━━ Exercise input ━━

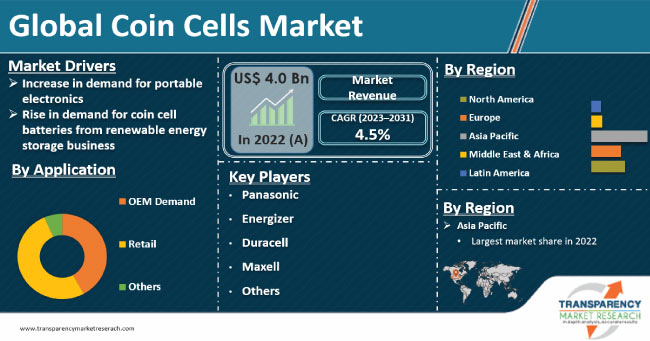 Coin Cells Market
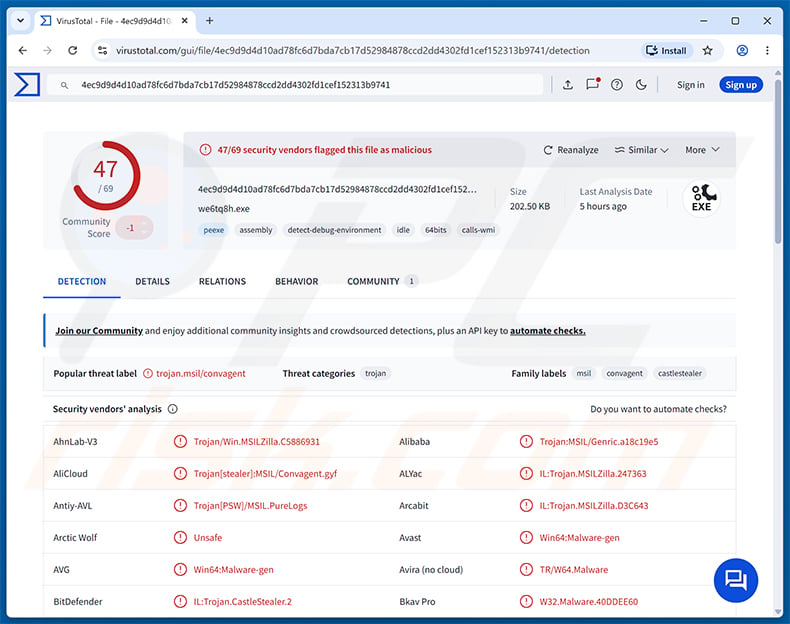 CastleStealer malware detections on VirusTotal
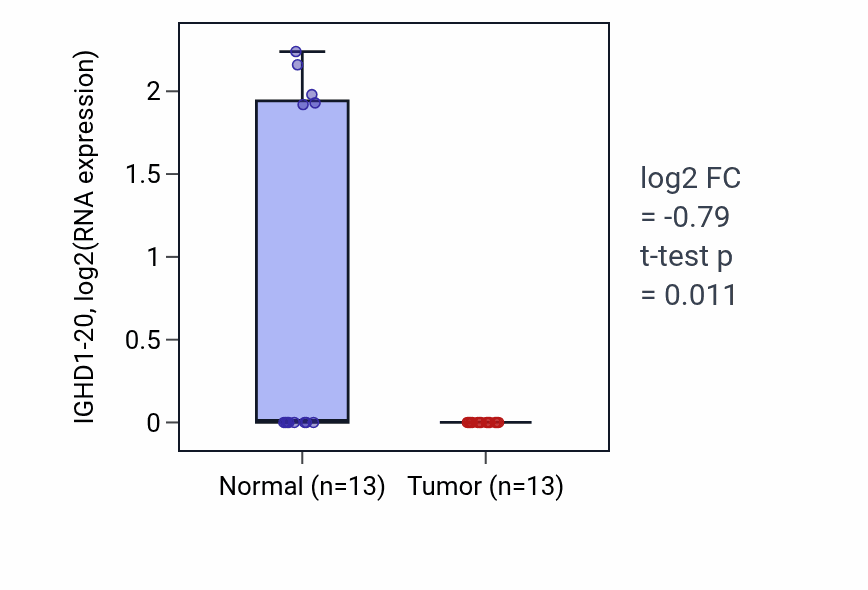 Tumor-vs-normal expression box plot for IGHD1-20 in COAD.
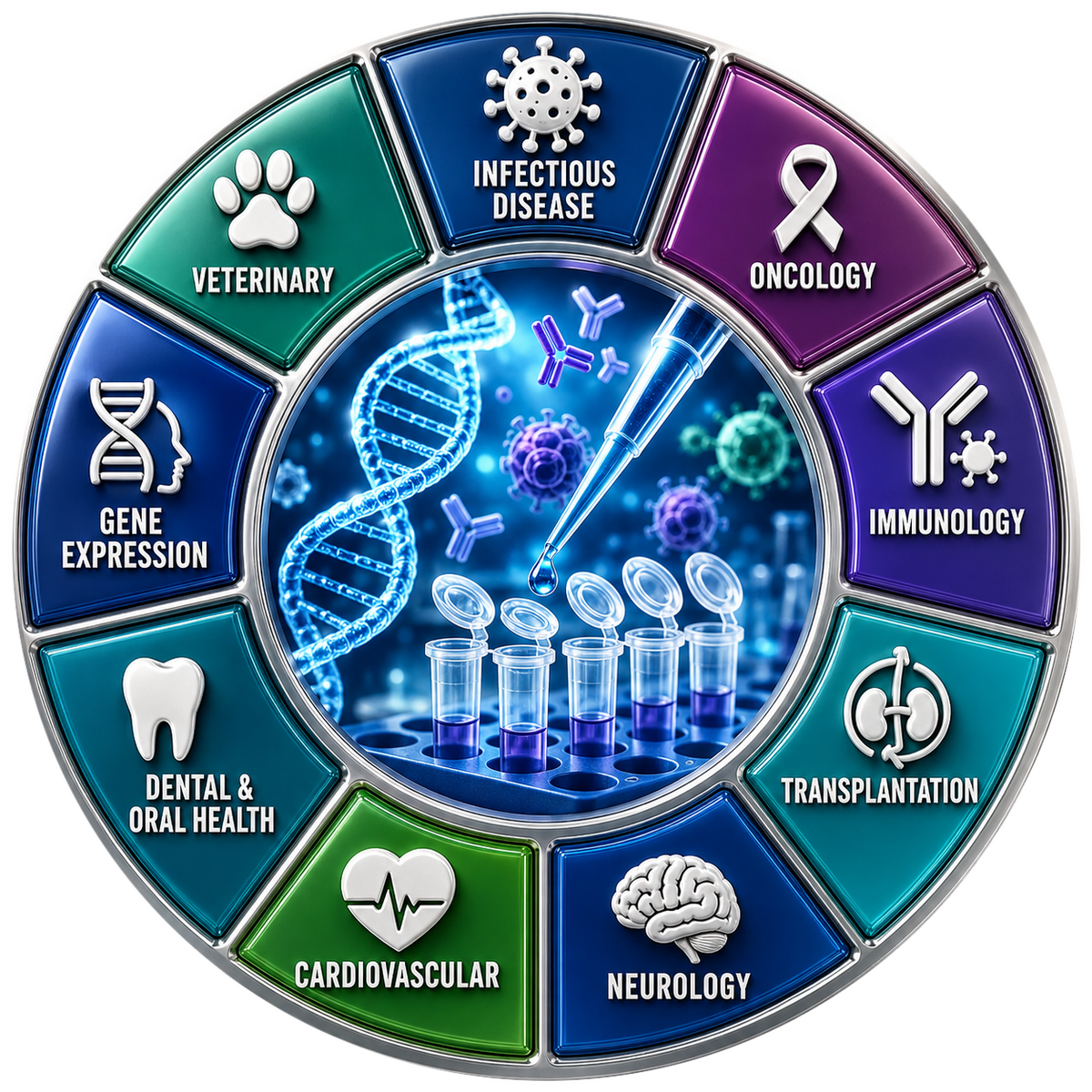 MOLECULAR ASSAYS & RESEARCH REAGENTS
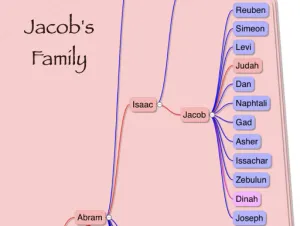 Click to enlarge image. Genesis 30 Genealogy Jacobs Family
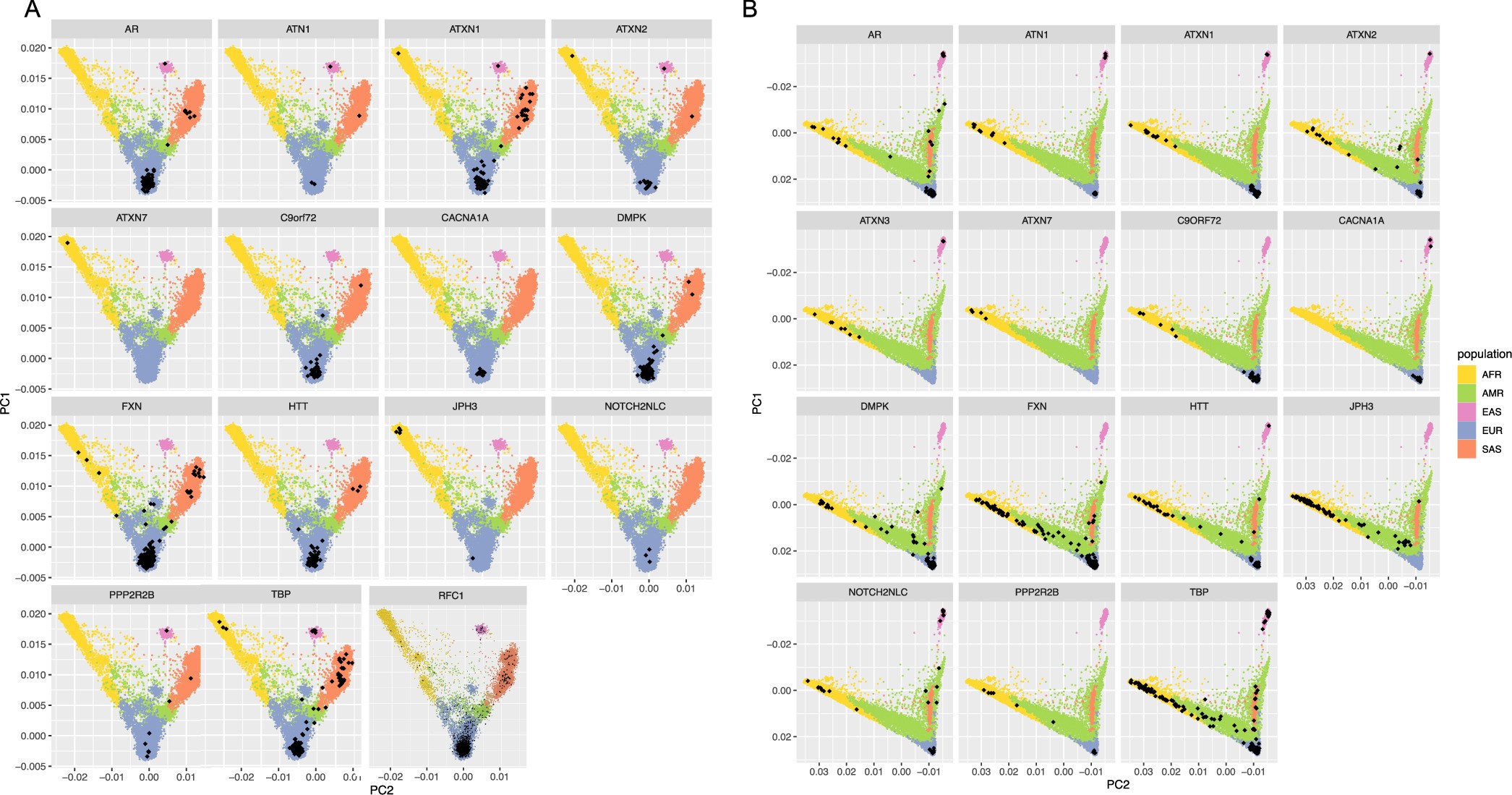 Extended Data Fig. 5: PC values of genomes carrying normal and pathogenic alleles.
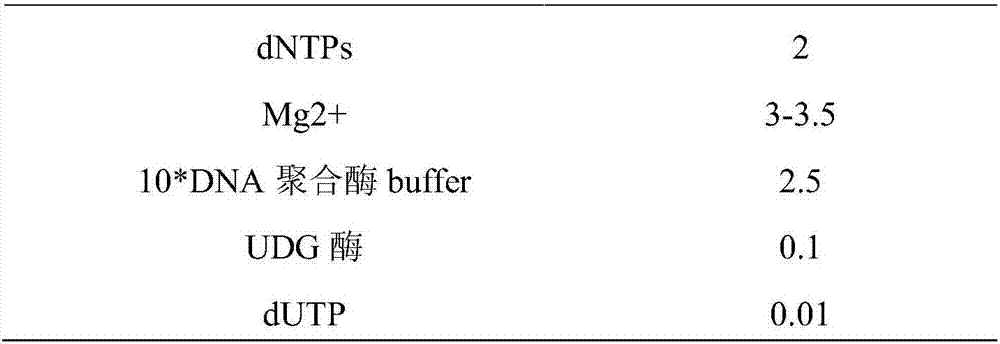 Composition for detecting CYP2C19 gene polymorphism and its application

━━━

Assigned task — Output, exactly and without pictures, the lines above that run from the one containing "CastleStealer malware detections" through the last line of the entries, inclusive.

Solution for this exercise —
 CastleStealer malware detections on VirusTotal
 Tumor-vs-normal expression box plot for IGHD1-20 in COAD.
 MOLECULAR ASSAYS & RESEARCH REAGENTS
 Click to enlarge image. Genesis 30 Genealogy Jacobs Family
 Extended Data Fig. 5: PC values of genomes carrying normal and pathogenic alleles.
 Composition for detecting CYP2C19 gene polymorphism and its application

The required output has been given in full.